But she said she doesn't pray specifically "for a political outcome."

"We just pray that God's will will be done. We pray for the children, we pray for poor people, we pray for people who need help," she said. "And we always, always, always pray for our men and women in uniform who make our freedom to pray possible."

In the same appearance, Pelosi also she disagreed with her party's leading Democratic presidential nominees on whether there should be any long-term U.S. troop presence in Iraq, adding that the party's inability to end the war has been politically costly for Congressional Democrats.

At last month's Democratic presidential debate, Sens. Hillary Rodham Clinton (D-N.Y), Barack Obama (D-Ill.) and former North Carolina Sen. John Edwards all declined to pledge to remove all U.S forces from Iraq by 2013.

"I think the Democrats in the House of Representatives are much more optimistic than that," Pelosi said. "My view would be much more optimistic than what our presidential candidates are saying."

Pelosi acknowledged that Congress' inability to end the Iraq war was causing public approval of its performance to drop to record lows.
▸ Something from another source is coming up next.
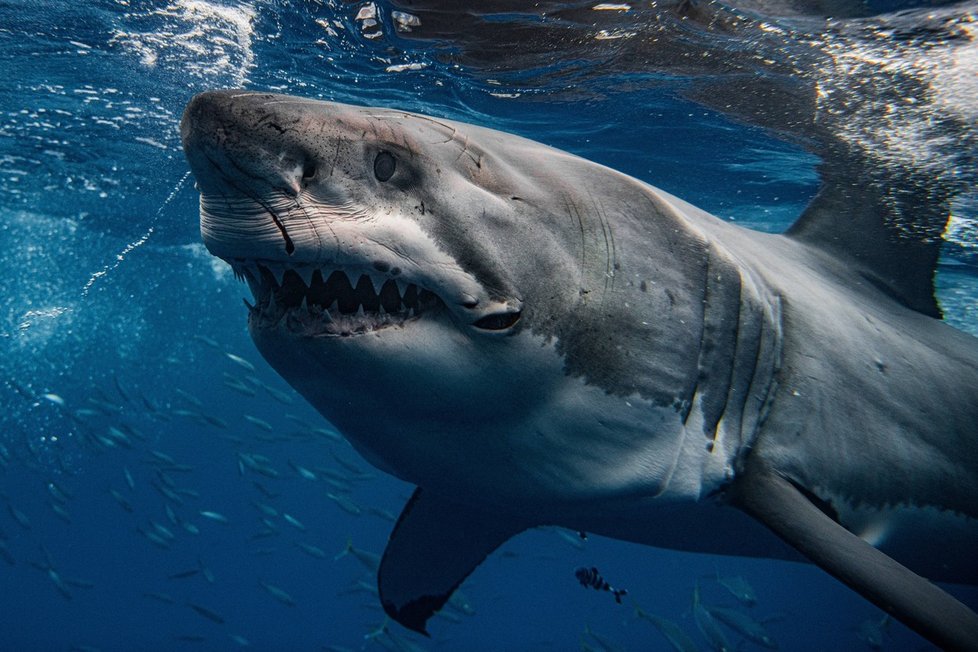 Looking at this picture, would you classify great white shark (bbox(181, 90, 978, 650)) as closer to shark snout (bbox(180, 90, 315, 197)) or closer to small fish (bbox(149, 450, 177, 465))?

"The public is weary about this war. They want it to end, and they had expectations that Congress would end it. That focus on the war has eclipsed all that we have accomplished here," she said.

While stopping short of endorsing Clinton for her party's presidential nomination, Pelosi said it "would be exciting" to have both a female president and House speaker. But she also said it was more difficult for a woman to become speaker of the House than to win the presidency.

"This is a men's club here and I sometimes I think it's harder to become speaker of the House than president of the United States for a woman," Pelosi said.